Monday, December 10, 2012

Dorothy Weiss and other Art Collectors

Thanksgiving.  Sipping drinks before the start of the meal, catching up on the ‘what’s new’ of the past year with John, a friend of the family since before I was born.  To my surprise and delight, John told me about his mother’s art collection.  I guess I had always kind of known that John’s family was into art, but this Thanksgiving, I found out that John’s mother (who died in 2009) had actually run a successful art gallery in San Francisco –the Dorothy Weiss Gallery, until her retirement in 2000.  Art collecting was her passion; it filled her life (both literally filling her home, and filling her creative energies) for over two decades.  Did I want to see her personal collection, still arranged as she had laid it out, at the house of John’s elderly father?  Absolutely.

I headed over to the Weiss house the next day.  Dorothy Weiss had collected a whole range of contemporary art, but her favorites seemed to have been ceramics.  I had not heard of all the artists, but a couple of the works were the more famous sorts, including, for example a work by Peter Voulkous, a ceramics sculptor known for moving ceramics away from beyond tight ties to utility and function, into creations that were solely fine art.  What I enjoyed most about the visit was the sense of discovery moving through all the artwork in the house.  Dorothy Weiss had pieces of her collection on the coffee table, arranged next to the piano, in the garden, on all the walls –basically in just about every appropriate corner of her home.  Each of the works could have been studied and analyzed on its own, but it was their interaction with each other and with the real, functional living space that made the strongest impression.  I’ve appreciated for a while how great art collections –carefully planned and put together, can be conceived of themselves as works of art, but it was only while walking through Dorothy Weiss’ house that I really understood this viscerally.
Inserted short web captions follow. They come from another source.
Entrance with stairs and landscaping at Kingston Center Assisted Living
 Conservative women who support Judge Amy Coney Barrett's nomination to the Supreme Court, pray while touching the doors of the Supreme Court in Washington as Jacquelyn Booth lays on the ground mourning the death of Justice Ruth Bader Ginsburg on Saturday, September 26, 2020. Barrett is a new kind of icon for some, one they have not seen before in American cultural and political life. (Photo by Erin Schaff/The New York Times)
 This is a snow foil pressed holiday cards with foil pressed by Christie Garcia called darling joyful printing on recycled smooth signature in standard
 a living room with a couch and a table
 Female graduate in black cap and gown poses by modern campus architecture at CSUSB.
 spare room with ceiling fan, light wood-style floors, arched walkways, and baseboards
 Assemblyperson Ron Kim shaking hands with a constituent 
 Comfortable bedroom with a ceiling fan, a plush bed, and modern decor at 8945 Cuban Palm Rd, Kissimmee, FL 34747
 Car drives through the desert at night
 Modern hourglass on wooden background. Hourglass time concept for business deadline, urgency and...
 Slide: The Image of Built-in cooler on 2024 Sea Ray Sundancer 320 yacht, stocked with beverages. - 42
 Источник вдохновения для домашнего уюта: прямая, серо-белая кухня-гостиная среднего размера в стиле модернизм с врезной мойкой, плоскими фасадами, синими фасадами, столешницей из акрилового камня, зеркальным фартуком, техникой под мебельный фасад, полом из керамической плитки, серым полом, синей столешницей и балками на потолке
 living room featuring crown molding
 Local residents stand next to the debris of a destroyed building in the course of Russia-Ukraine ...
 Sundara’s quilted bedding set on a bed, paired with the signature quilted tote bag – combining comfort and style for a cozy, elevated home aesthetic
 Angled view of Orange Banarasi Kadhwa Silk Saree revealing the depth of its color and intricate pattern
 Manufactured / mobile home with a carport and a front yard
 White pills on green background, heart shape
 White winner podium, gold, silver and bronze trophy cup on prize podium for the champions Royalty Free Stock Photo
I’ve been thinking again of my experience seeing Dorothy Weiss’ collection since a classmate gave a presentation last week about some important female art collectors of the late nineteenth and early twentieth century.  “Matrons of the Arts”, she called them. Her presentation focused on Gertrude Vanderbilt Whitney and Isabella Stewart Gardener, and her thesis was that, although we art historians talk a lot about how few female artists have risen to fame and power, how it seems in art that traditionally men have been the creators and women the muses, in fact, these women collectors were hugely influential in shaping culture and aesthetics. Gardener was instrumental in bringing interest in the European avant garde to American audiences (movements like Impressionism), and Whitney insisted on opening a space in high museum culture for American artists.  The art world today would not be the same without these women.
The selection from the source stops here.